En esta materia me pregunto ¿por qué la gestión de una gran mayoría de alcaldías dista mucho de los estándares de eficiencia y eficacia requeridos para catalogarse como un “buen” servicio público? Una gestión de verdadera transformación de las ciudades solamente puede endilgarse, en los últimos tiempos, a León Febres Cordero y Jaime Nebot en la ciudad de Guayaquil, donde se puede afirmar claramente que existe un antes y un después de su gestión. En Quito no se visualiza extraordinarios cambios porque siempre tuvieron buenos alcaldes, y solamente algunas excepciones dejaron su huella distintiva. En Cuenca debemos remontarnos más de 20 años y recordar los nombres de Xavier Muñoz Chávez o Alejandro Serrano Aguilar para poder hablar de verdaderas buenas administraciones públicas. Del resto de ciudades, quizás podamos destacar a Carlos Falquez en Machala y Auki Tituaña en Cotacachi como referentes de administraciones transformadoras de sus ciudades.
Resulta claro que el éxito de la gestión pública depende, en muy buena medida, de las personas que lideran las instituciones, siendo necesario entonces que mejores y más prestantes figuras decidan saltar al ruedo de la política.
El resto corresponde a la propia ciudadanía, en el sentido de saber reconocer a los mejores candidatos y no dejarse engañar de los farsantes y bonachones de discurso fácil y barato.
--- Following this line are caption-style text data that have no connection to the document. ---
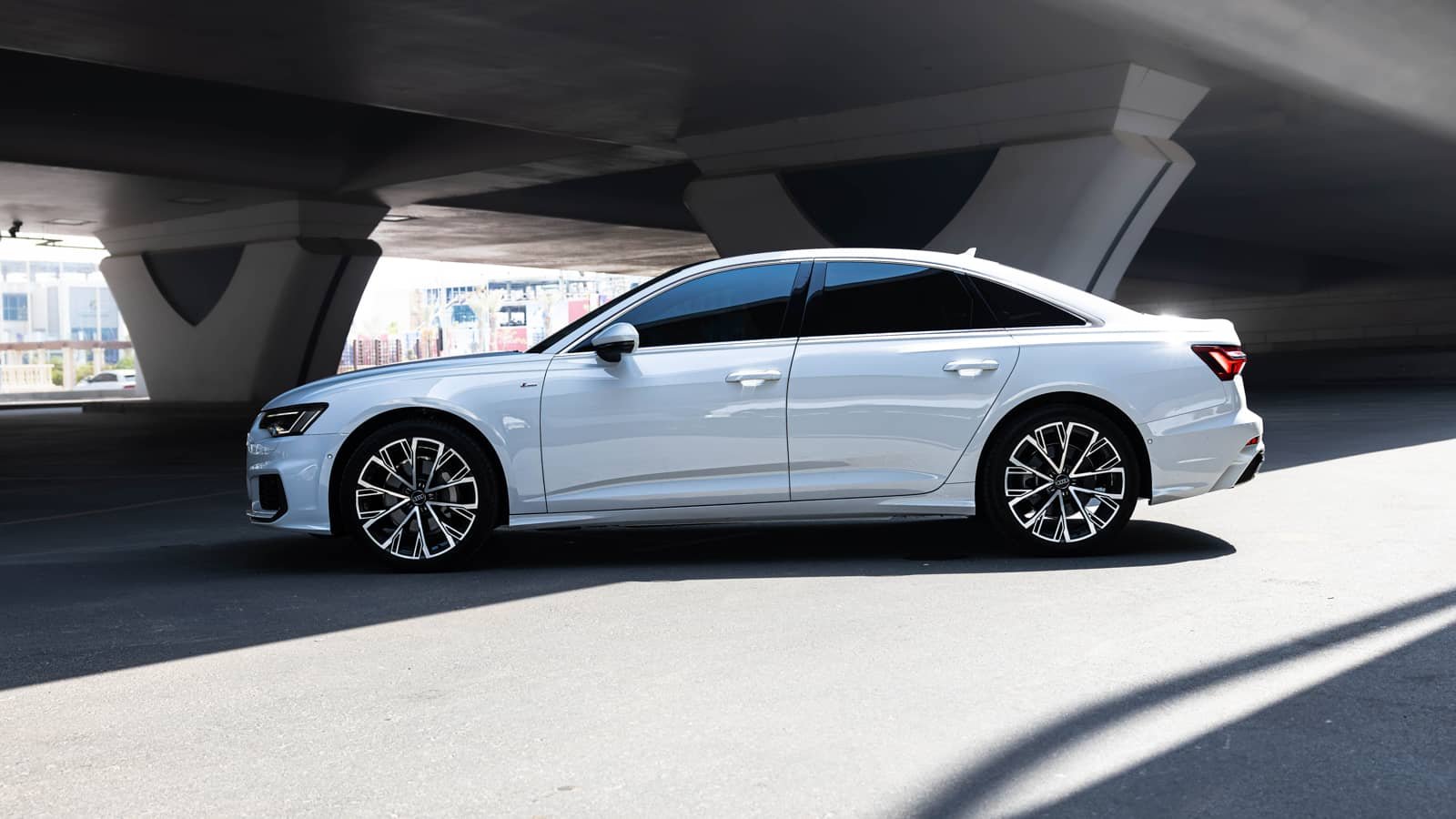 Rent Audi A6 in Dubai photo 5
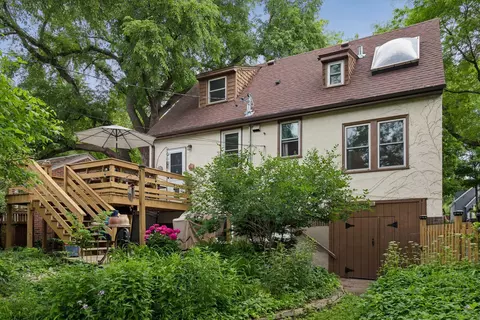 Exterior - 1908 E River Ter, Minneapolis, MN 55414 photo 2 of 12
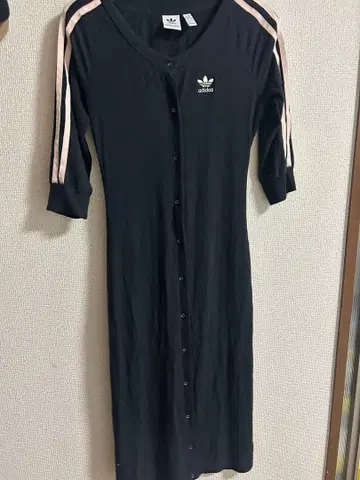재인하! adidas 무릎 기장 원피스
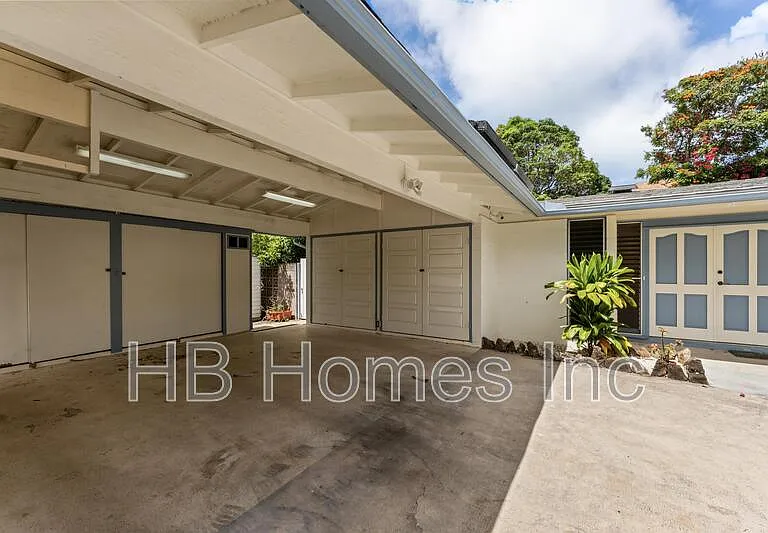 1514 Hele St — Photo 2
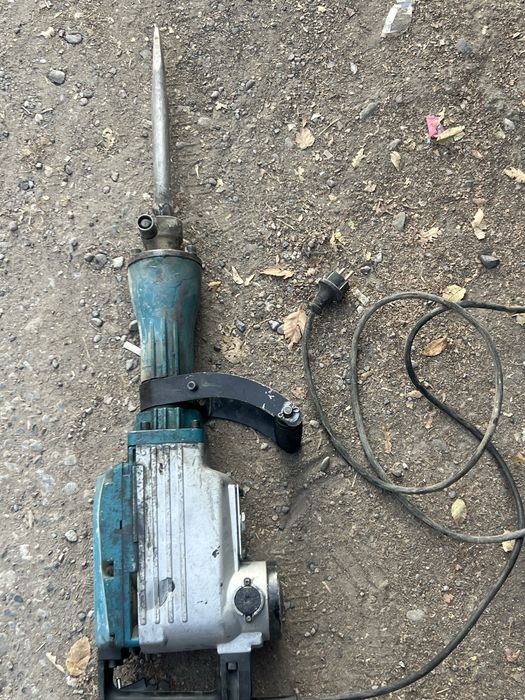 Отбойный молоток Alteco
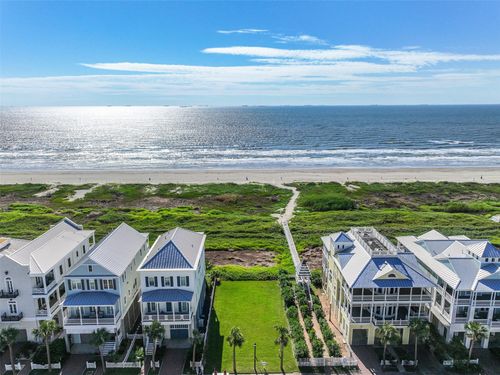 1717 Seaside Dr, Galveston, TX, 77550-3361 | Card Image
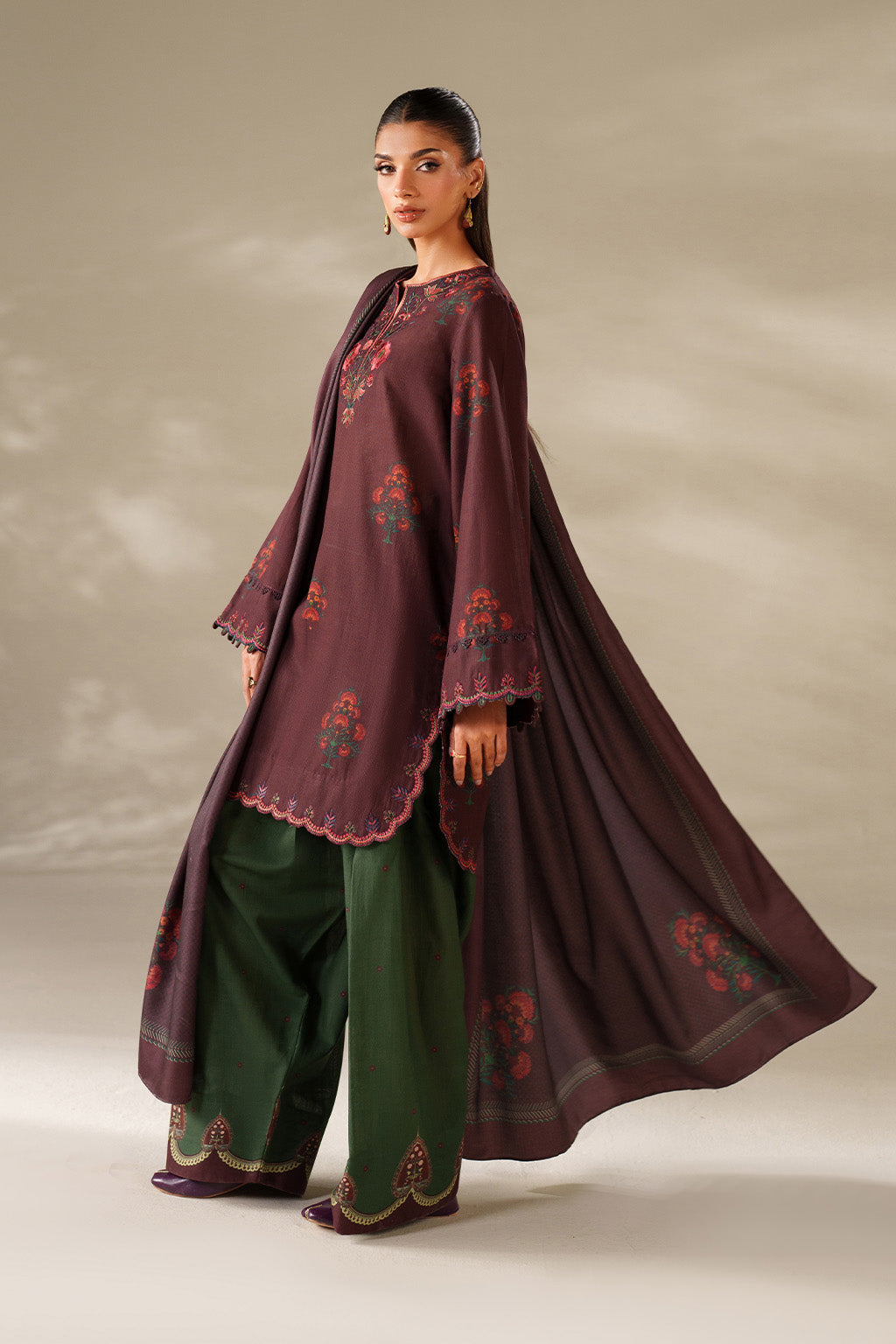 Iznik | Winter Chapter 25 | UE-562 Printed Khaddar - Casual Dress - available at Maria Faisal in UK and USA.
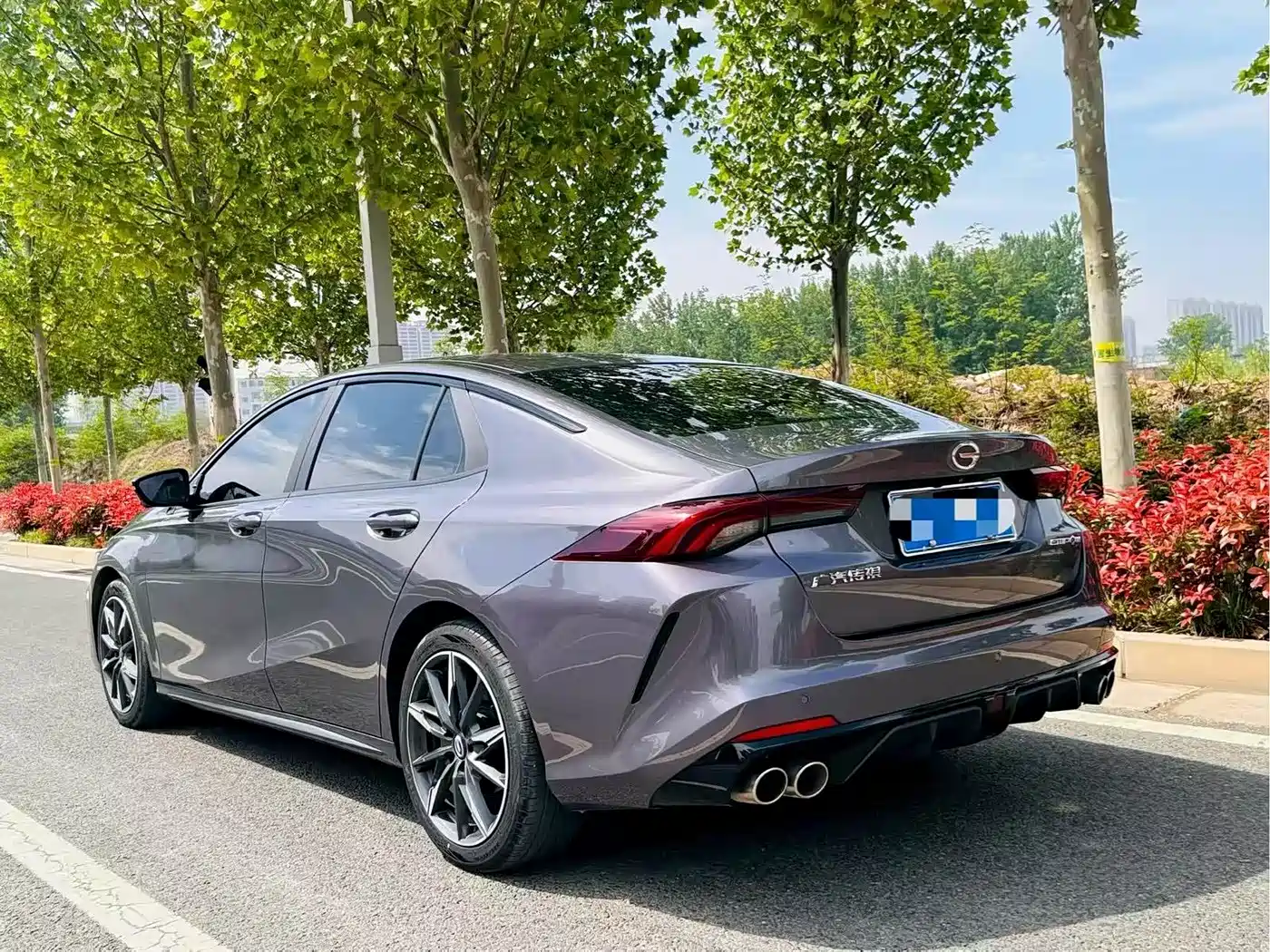 GAC Trumpchi Trumpchi Emkoo 2023 270T DCT J16 Edition фото 9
Para ayudar en ello, podemos ajustar el esquema institucional mediante:
• Eliminación del voto obligatorio para evitar que aquella inmensa masa de gente sin mayor cultura política sea presa fácil del populismo y la demagogia, de las obras de relumbrón y hasta de las obritas cercanas de bacheo, calles o parques que son las que finalmente terminan comprando votos en este segmento mayoritario de la población.
• Eliminación de la reelección inmediata para evitar el ciclo político del gasto público y los efectos perniciosos de los presupuestos públicos destinados a la próxima elección, y no a la próxima generación.
• Transparencia en las finanzas públicas, mediante la publicación de indicadores de gestión que permitan establecer un ranking permanente a nivel de todos los GADs.
• Introducir rigurosas metodologías de evaluación de proyectos previa aprobación, para evitar el despilfarro y el mal gasto de recursos. Obras faraónicas, aplanamientos de terrenos de 1500 millones de dólares, tranvías y otras muy malas aventuras no se habrían realizado si los politiqueros de turno tuvieran su contrapeso con sistemas técnicos de evaluación de proyectos. Naturalmente estoy asumiendo que detrás de esto hubo “errores de buena fe” y no la manifiesta corrupción, que es otro cantar.
• Revisar la ley electoral y el financiamiento estatal de las candidaturas. Si bien se han corregido ciertos excesos en las sobre inversiones de campaña y sus posteriores reclamos de réditos, en la práctica ha significado que los que ostentan o están cerca del poder tengan infinitas mayores posibilidades de ganar una elección. Se genera así la persistencia de una casta política, la cual no ha sido buena, por lo menos, pero sí nefasta para el país en muchísimos casos.
Si no queremos terminar nuevamente en el desencanto y el chuchaqui amargo post electoral, esperemos que esta oportunidad la gente vote bien como primer paso y luego considerar las reformas sugeridas.